Philippe Caubère conclut son impressionnante saga du "Roman d’un acteur" avec trois derniers spectacles qui se jouent en alternance : fin de l’histoire de Ferdinand Faure, son alter ego, son double.

Article rédigé par franceinfo Culture - Bertrand Renard
France Télévisions - Rédaction Culture
Publié Mis à jour
Temps de lecture : 9min
Le comédien Philippe Caubère dans "Casino de Namur I", premier volet de "Adieu, Ferdinand ! Suite et Fin", Théâtre du Rond-Point novembre 2019. (Michèle Laurent)

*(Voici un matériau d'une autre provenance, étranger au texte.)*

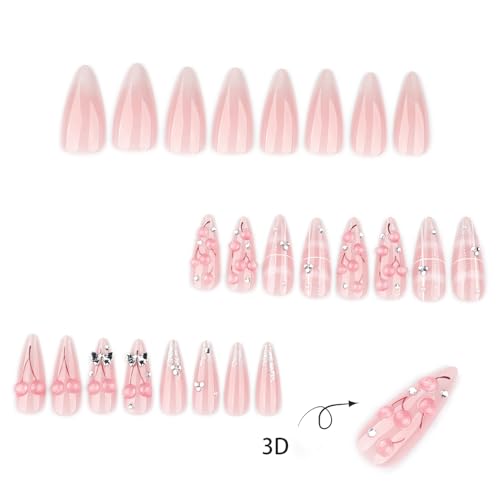 Almond Press On Nails Medium Long Fake Nails Press Ons With 3D Cherry Rhinestone Design Acrylic Nails Silver Bow False Nails Pink Glossy Glue On Nails For Women - color: Design-10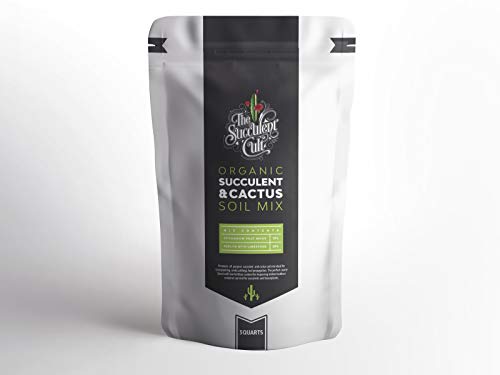 Premium Organic Succulent & Cactus Soil Mix, Fast Draining Pre-Mixed Blend (3 Quarts)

On doit en être à une trentaine de numéros, on n’est même pas sûr que Caubère les ait dénombrés, lui, comme on le voit dans l’hilarant Casino de Namur 2, qui est si fâché avec les chiffres. Autobiographie revisitée d’un homme qui aurait pu se contenter de rester, avec cet accent marseillais qu’il retrouve aisément, un jeune acteur brillant du Théâtre du Soleil, dans l’ombre d’Ariane (Ariane Mnouchkine, mère et prêtresse, égérie, professeur, formatrice, inspiratrice : l’autre femme, face à la légitime, Clémence). Dans l’ombre, ou au soleil, puisqu’Ariane lui confia le rôle de Molière, au théâtre et au cinéma. Cinéma que Caubère a toujours négligé, malgré sa composition du père de Pagnol dans La gloire de mon père et Le château de ma mère d’Yves Robert.

Le théâtre seul

Le théâtre donc. Et le théâtre seul. On devrait dire : le théâtre seul, et seul. Cela fait près de quarante ans que Caubère fait du "seul en scène", c’est presque lui qui l’a inventé. Et voici que, se repenchant avec nostalgie sur quelques épisodes de (toujours) sa jeunesse et en y traçant de la plume et du corps le mot "fin", il nous rappelle qu’il approche de la septantaine et que nous avons vieilli avec lui.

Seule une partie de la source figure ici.